What you will do = The reply should consist solely of the lines from the one that holds "The Green Toenails" through the last line of the material, reproduced exactly; no pictures belong in it.

Dataset section =
* * * * *
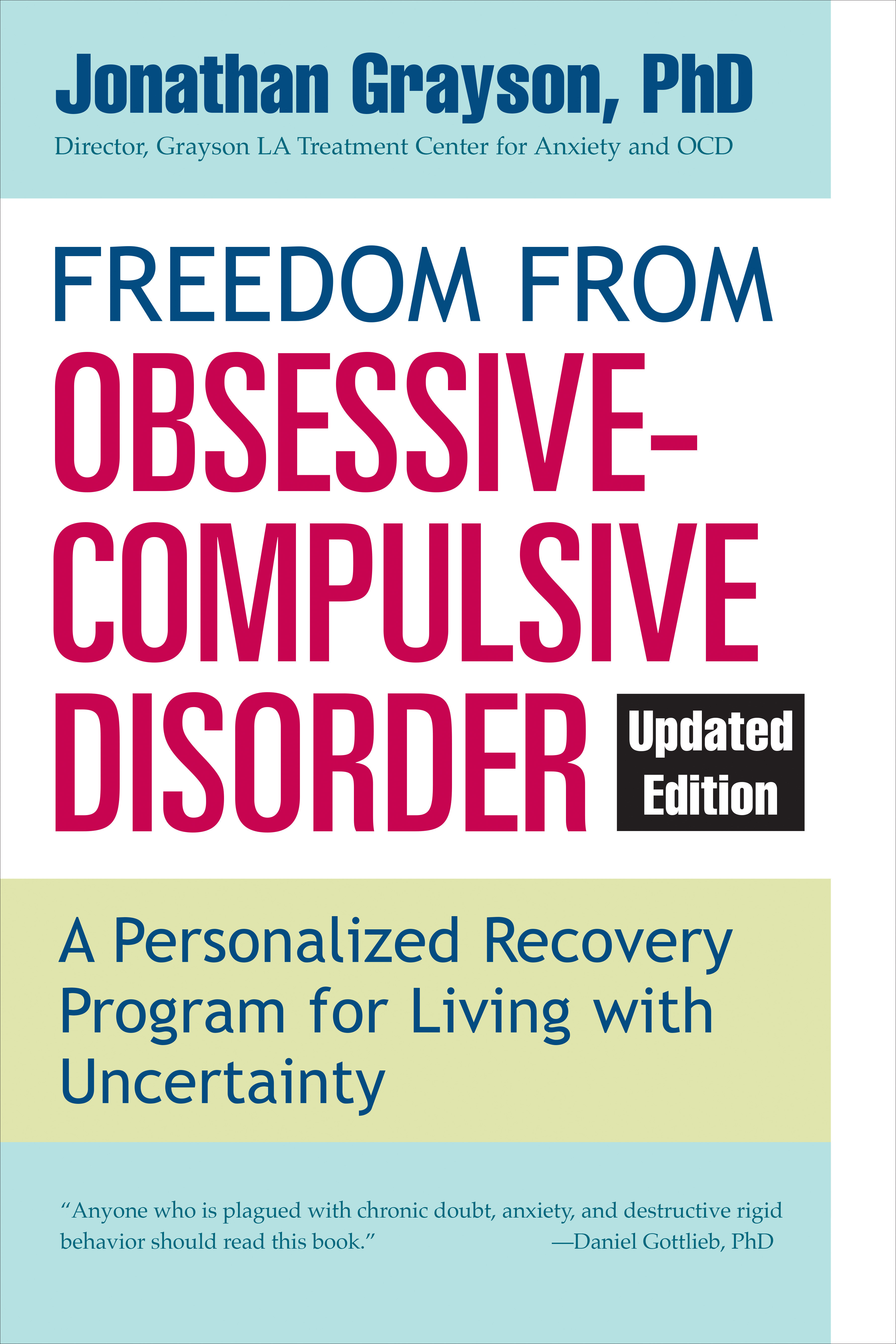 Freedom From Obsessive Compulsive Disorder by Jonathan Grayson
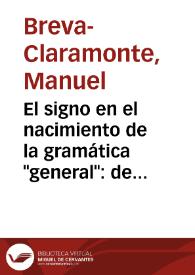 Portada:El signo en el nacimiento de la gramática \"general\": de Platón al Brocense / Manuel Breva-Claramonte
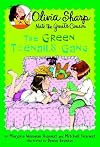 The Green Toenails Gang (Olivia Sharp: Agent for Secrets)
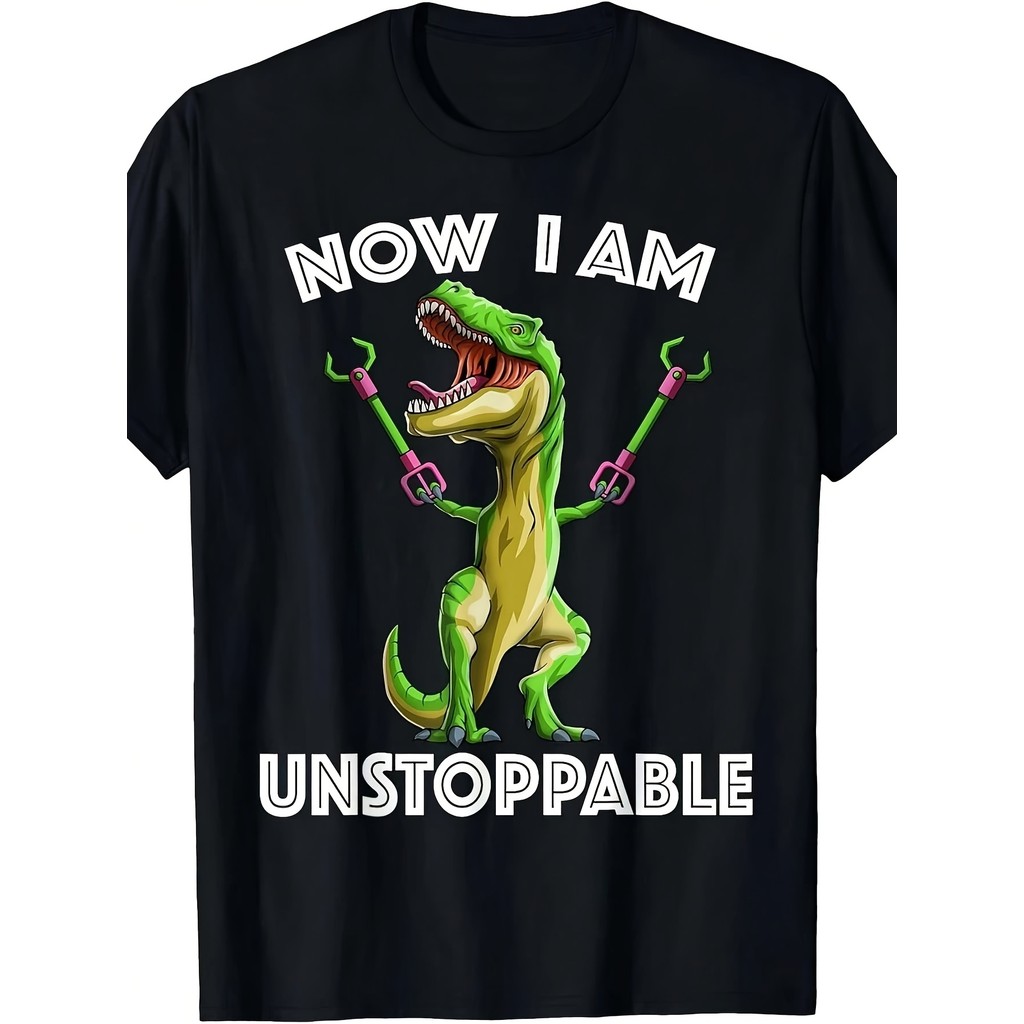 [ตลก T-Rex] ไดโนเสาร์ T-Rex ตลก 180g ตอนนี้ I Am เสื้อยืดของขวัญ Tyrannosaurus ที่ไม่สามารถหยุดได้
* * * * *
Finished task =
 The Green Toenails Gang (Olivia Sharp: Agent for Secrets)
 [ตลก T-Rex] ไดโนเสาร์ T-Rex ตลก 180g ตอนนี้ I Am เสื้อยืดของขวัญ Tyrannosaurus ที่ไม่สามารถหยุดได้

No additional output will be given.